The more complicated approach would be to fully integrate poverty output into Tax-Calculator. There might be a way to do this that just involves including the SPM unit, SPM weight, SPM threshold, and SPM resource variables into the cps.csv and then automating how they're tabulated after a reform. But it requires some thought because the SPM poverty rate is measured as a percent of all people, not a percent of families or tax units. Also, if I recall correctly, the current cps.csv only draws on data from the 2013-15 ASECs; we have three newer years that researchers will likely want to be able to access for poverty estimates. And as I mentioned in the presentation, the assumptions become even more complex once we start talking about projecting multi-year SPM poverty estimates versus single year historical counterfactual poverty estimates.

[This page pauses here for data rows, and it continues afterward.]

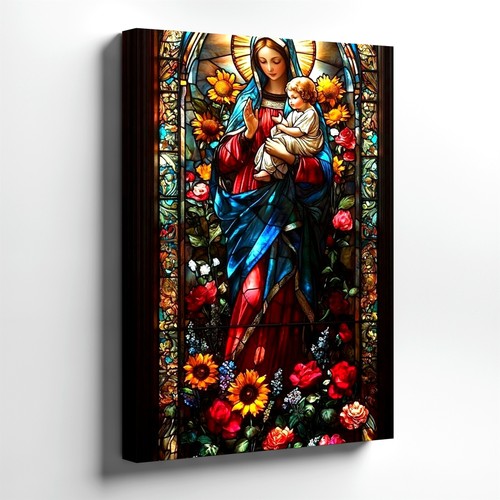 Wall art stained glass virgin - wall,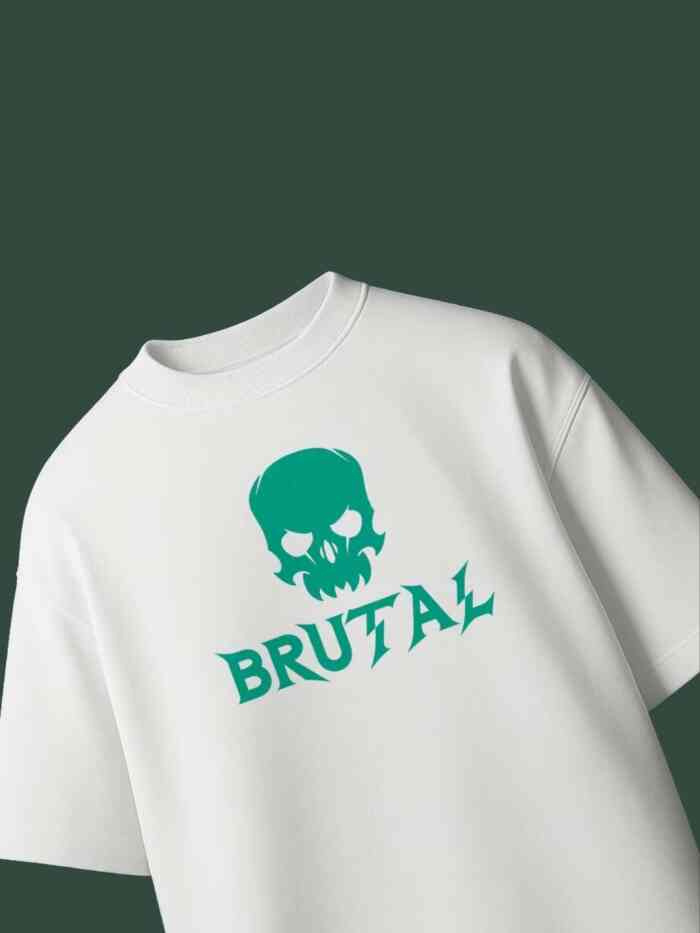 A Brutal White Oversized Printed T-Shirts - Image 2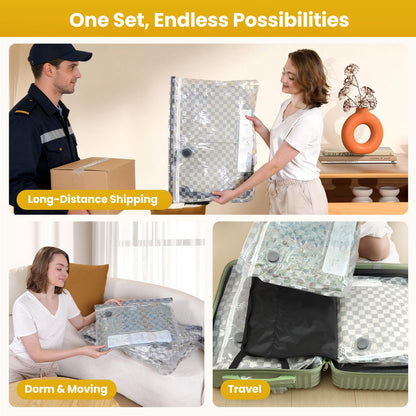 Vacuum Bags for Travel with Rechargeable Digital Display air Pump,18 PCS Combo Travel Size Vacuum Seal Bags for Luggage and Suitcase,Space Saver for Clothes,Home Storage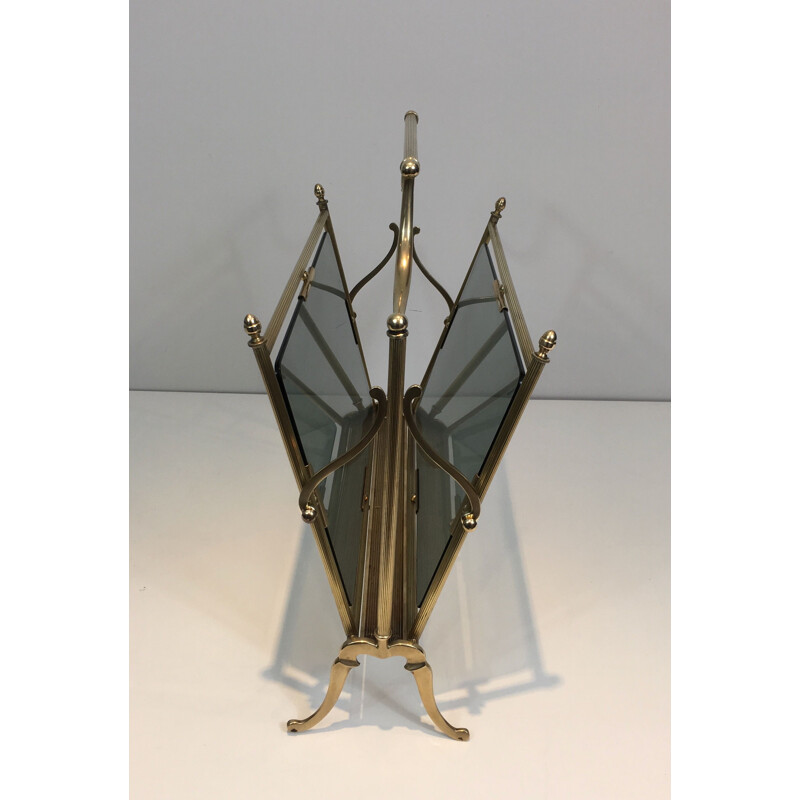 Vintage brass and glass magazine rack, 1940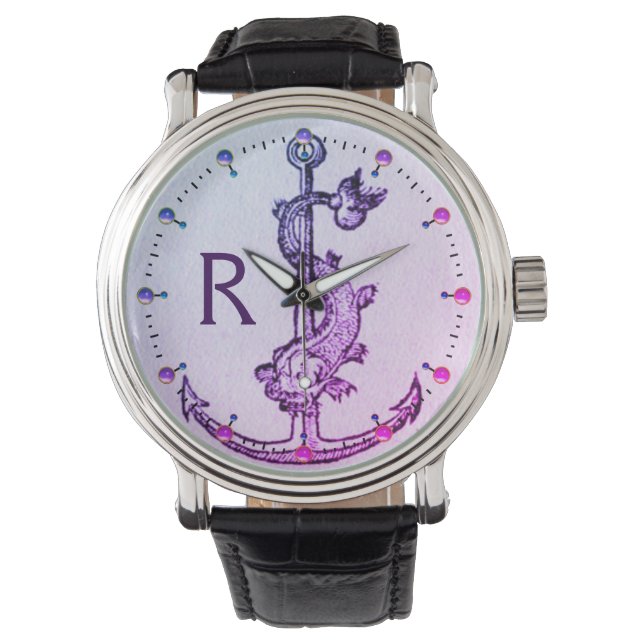 PURPLE BLUE ANCHOR WITH FISH NAUTICAL MONOGRAM WATCH (Front)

MaxGhenis commented 5 years ago

streamline/automate the process for taking a more recent CPS ASEC than what's used in the cps.csv file and converting it into a data file readable by Tax-Calculator.

I think this is the key part. Modifying the CLI to produce tax changes sounds worthwhile regardless of whether one is creating poverty statistics or other tax analysis.

Something like this is what I'd like to be able to do from the Python API (could translate to CLI):

asec = pd.read_csv('asec.csv')
recs = tc.create_asec_tax_units(asec)
base = tc.Calculator(recs, tc.Policy())
# Same for reforms, plus advance_to_year(), calc_all(), etc.
# Get change in disposable income per tax unit
comp = tc.compare(base, reform)
# Aggregate change in disposable income to the SPM unit using the original ASEC
# Also adds a column for `new_spm_resources`
comp_spm = tc.agg_spm(comp, asec)
tc.spm_rate(comp_spm)  # Calculate SPM rate for baseline and reform.